Additionally, this court is not bound by the decisions of another district court, see
Michigan Elec. Employees Pension Fund v. Encompass Elec. & Data, Inc., 556 F. Supp.
2d 746, 761-62 (E.D. Mich. 2008), and, for the following reasons, the opinions are not
instructive in any event. Both Murphy and Mitchell were dismissed on other grounds and
simply did not fully address the question posed by the operative language, “except as
[the policy] was specifically applied to the grievant,” that is at issue here. Murphy, 343 F.
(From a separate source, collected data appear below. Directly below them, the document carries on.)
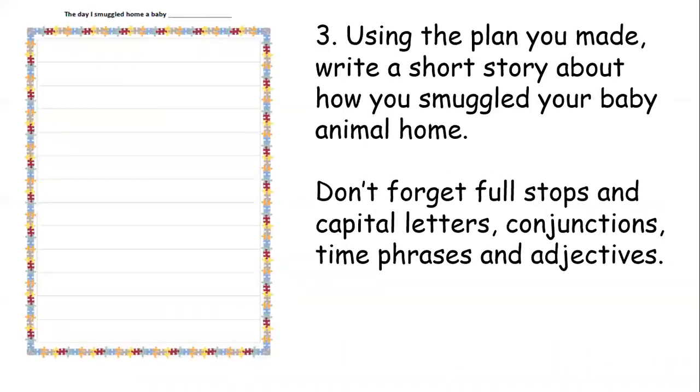Part three: using the plan you made, you're going to write a short story about how you smuggled your baby animal home. Don't forget full stops and capital letters, conjunctions, time phrases, and adjectives. You could start it: 'When I rescued a baby farm animal...' and then explain what happened. For example: 'I had to be really careful because it was making so much noise. I told my dad when he asked what was going on that it was something coming from my iPad. He didn't believe me at first, but thank goodness I was able to show him by bringing up a video on YouTube.'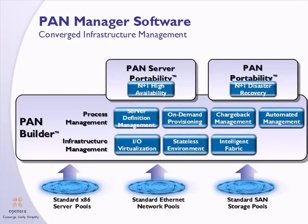EGENERA PanManager software is sold in three product SKUs. The PanBuilder provides the ability to manage and build server profiles, on-demand provisioning, I/O virtualization, chargeback, and fabric management. In addition, EGENERA sells two optional SKUs for hardware high availability, called PanServer Portability, and PanPortability, which is our industry-leading disaster recovery solution.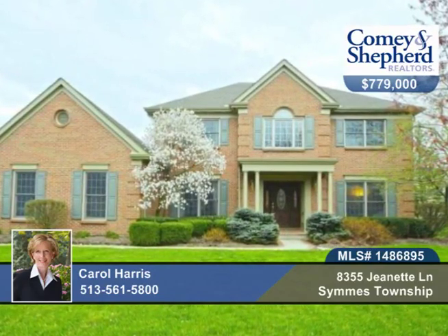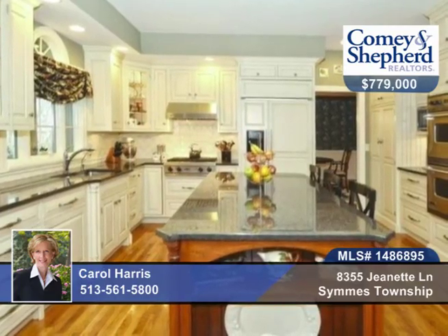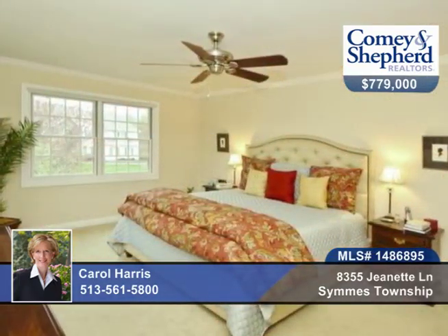Here's a beautiful custom home built by Hensley Homes and is in impeccable condition. You'll find four bedrooms and four baths. It's been completely renovated with an eat-in kitchen and master bath. The kitchen opens to a large family room and screened porch that overlooks a manicured lawn and pool. There's a finished basement with full bath and custom bar.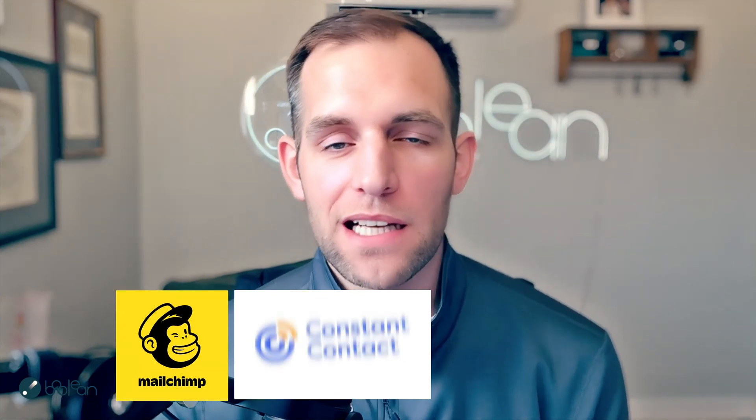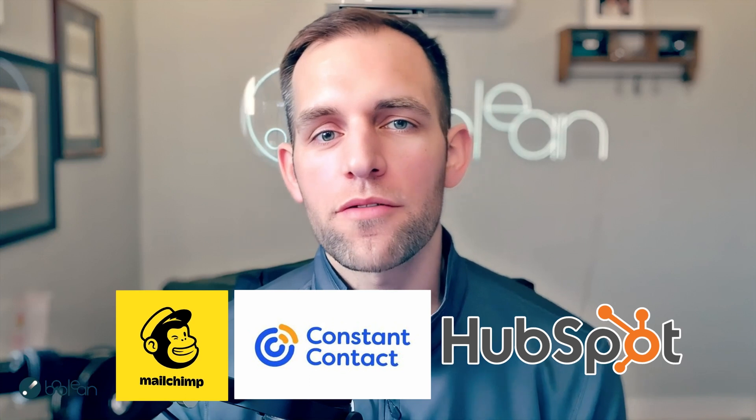If you're a painting contractor that uses Paint Scout, I want to show you how you can automatically add your contacts to MailChimp, Constant Contact, HubSpot, or whatever email marketing tool you're using. You can have them automatically added based on certain triggers that happen inside of Paint Scout.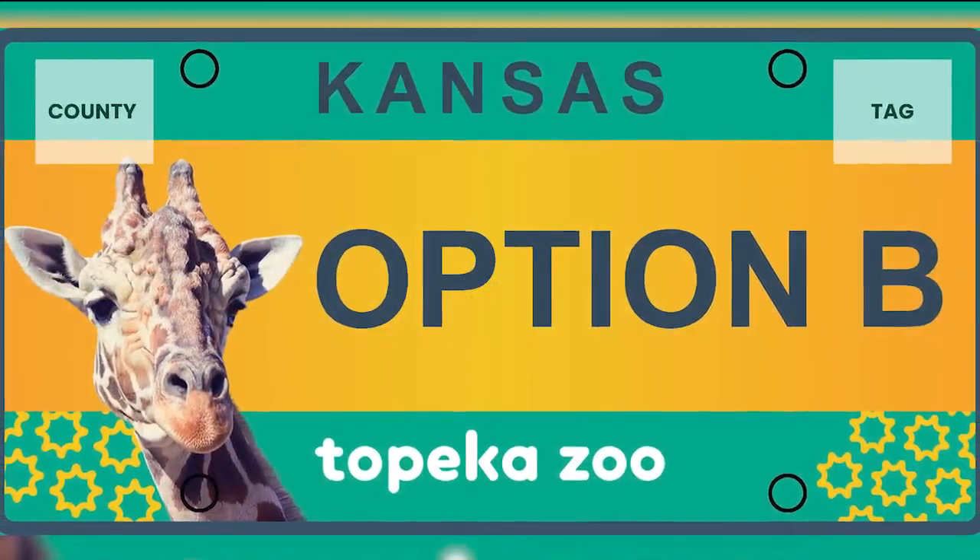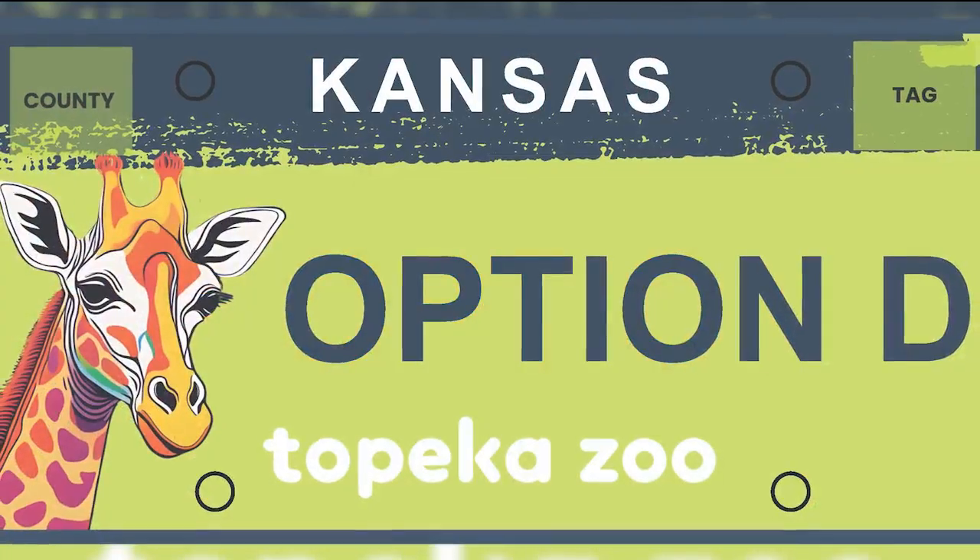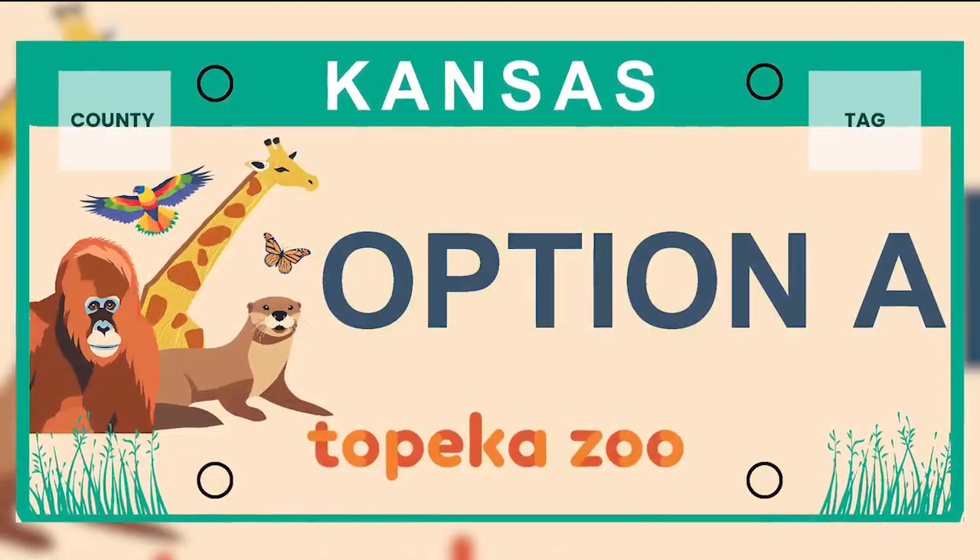A Topeka Zoo license plate will cost $100, with $50 going to the state and the other $50 going to the zoo.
Supp. 2d at 605 (excusing exhaustion, but ordering dismissal because “Plaintiff’s claims
necessarily imply the invalidity of his conviction and should be dismissed”); Mitchell,
2006 WL 3825077 **4, 5 (excusing exhaustion, but ordering dismissal based on
mootness and qualified immunity). Those courts did not consider whether the specific
application of the policies to plaintiffs made their complaints grievable, and instead, in
dicta, excused exhaustion and moved onto other dispositive issues. Courts give little
weight to dictum when more complete analysis indicates the dictum is incorrect. See
Kirtsaeng v. John Wiley & Sons, Inc., 133 S.Ct. 1351,1368 (2013).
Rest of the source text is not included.